What the task asks :: Beginning with the line that includes "ناشئو قلعة الجوف" and ending with the last line of the entries below, set down each line exactly; include no pictures.

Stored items
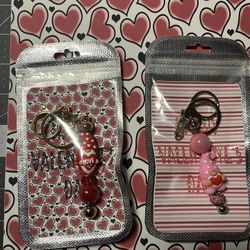Valentine’s Day Keychains 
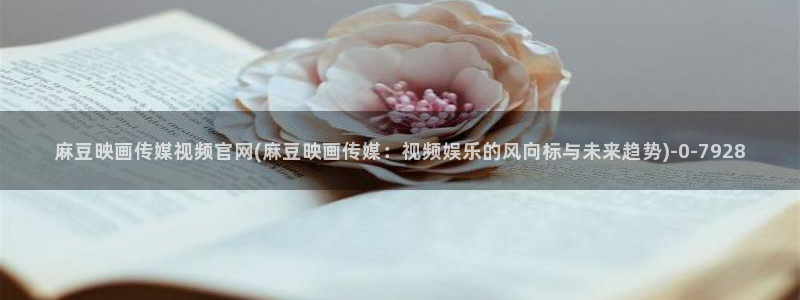 麻豆原创视频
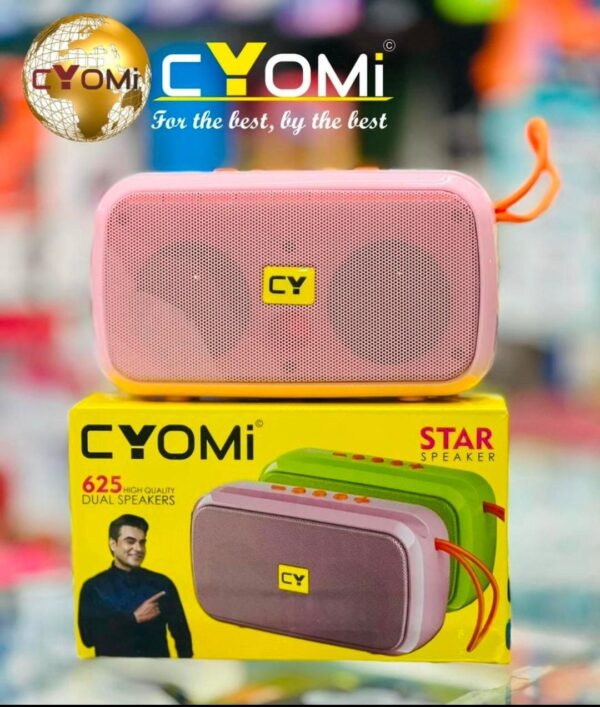 CYOMI 625 STAR SPEAKER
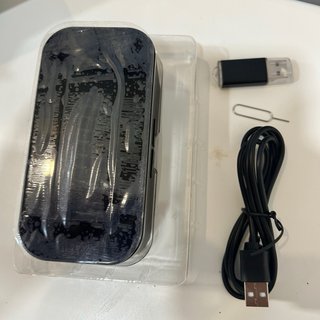 Reloj Cámara Espía WiFi 4K/1080P Detección Movimie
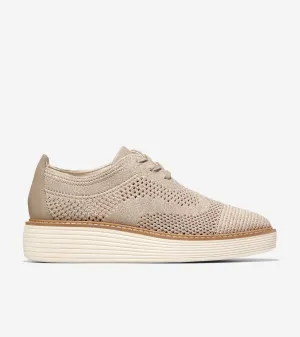 Women's ØriginalGrand Stitchlite™ Platform Wingtip Oxfords
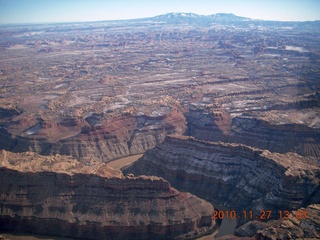 Moab trip - aerial - Canyonlands - Green River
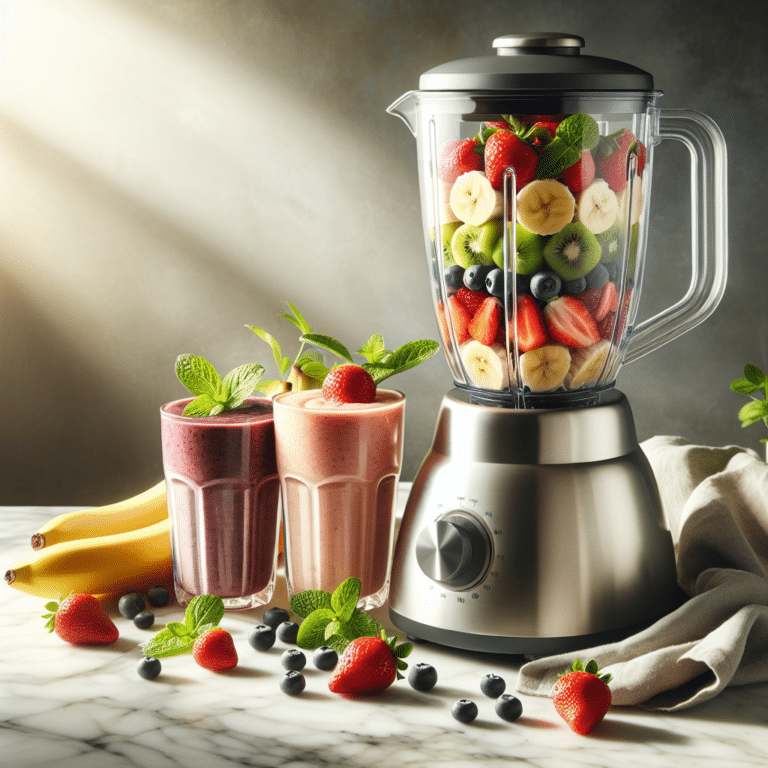 Perfect Your Blending Techniques for Smooth and Silky Smoothies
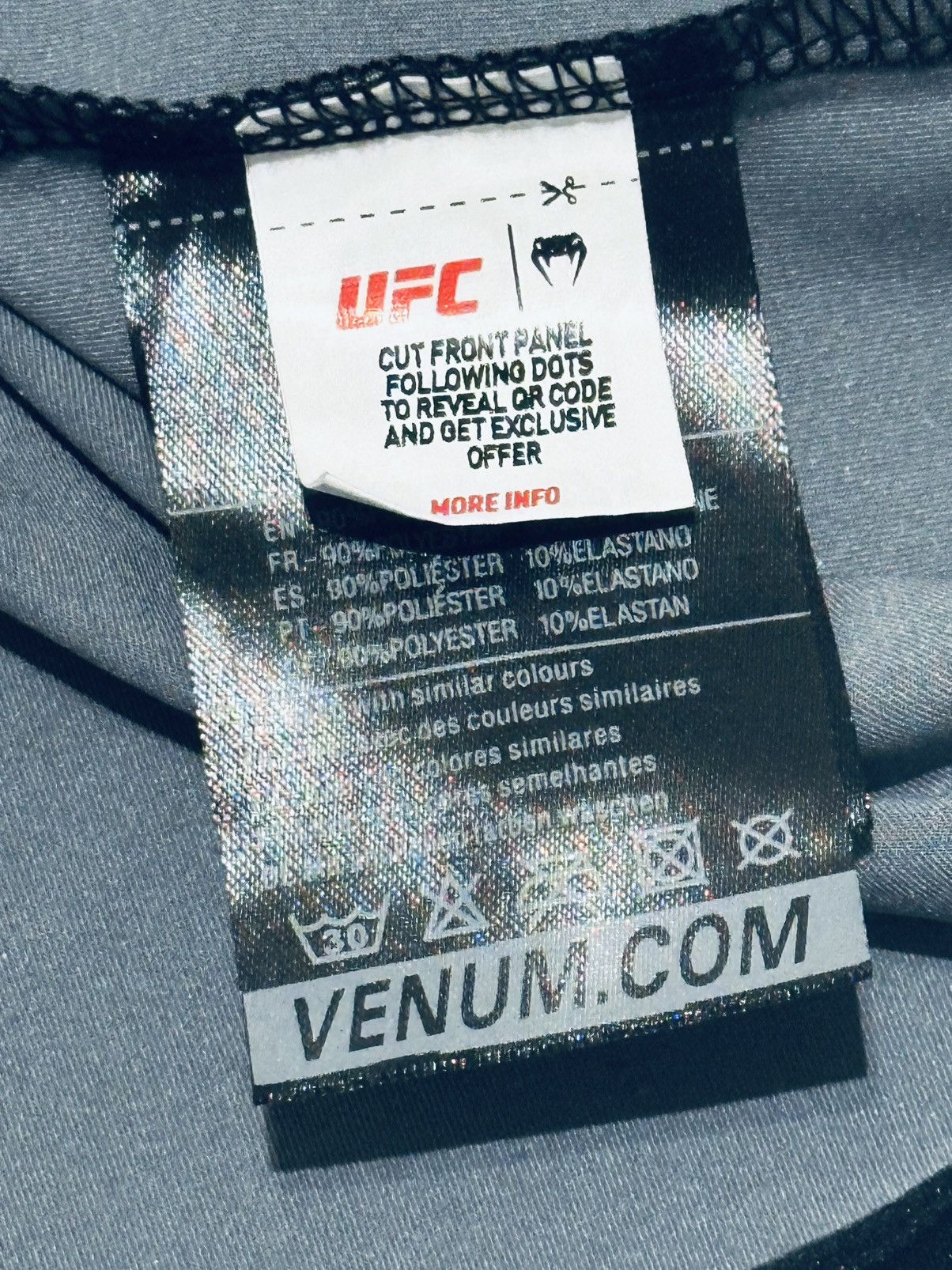 UFC UFC VENUM VINTAGE JERSEY M Size US M / EU 48-50 / 2 - 5 Thumbnail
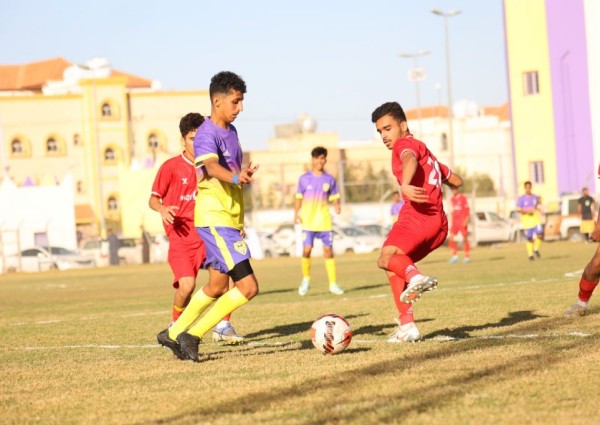 ناشئو قلعة الجوف إلى دور الثمانية في تصفيات الناشئين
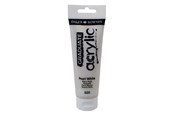 Kunst & Handwerk Ausstattung - Daler-Rowney Graduate Acrylic 120 ml Pearl White - 16-123120020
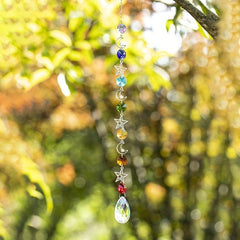 Crystal Sun Catcher Wind Chime for Wedding Home Car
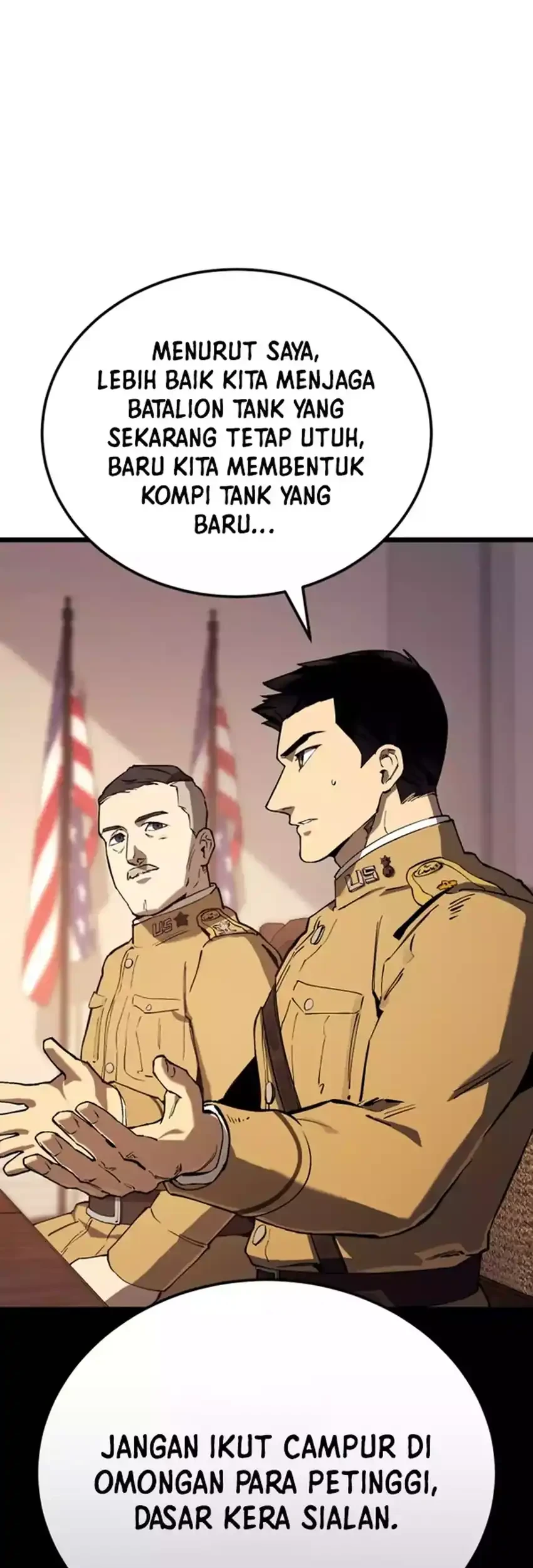 Black-Haired US Army General Chapter 28 Gambar 84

Exercise response ::
 ناشئو قلعة الجوف إلى دور الثمانية في تصفيات الناشئين
 Kunst & Handwerk Ausstattung - Daler-Rowney Graduate Acrylic 120 ml Pearl White - 16-123120020
 Crystal Sun Catcher Wind Chime for Wedding Home Car
 Black-Haired US Army General Chapter 28 Gambar 84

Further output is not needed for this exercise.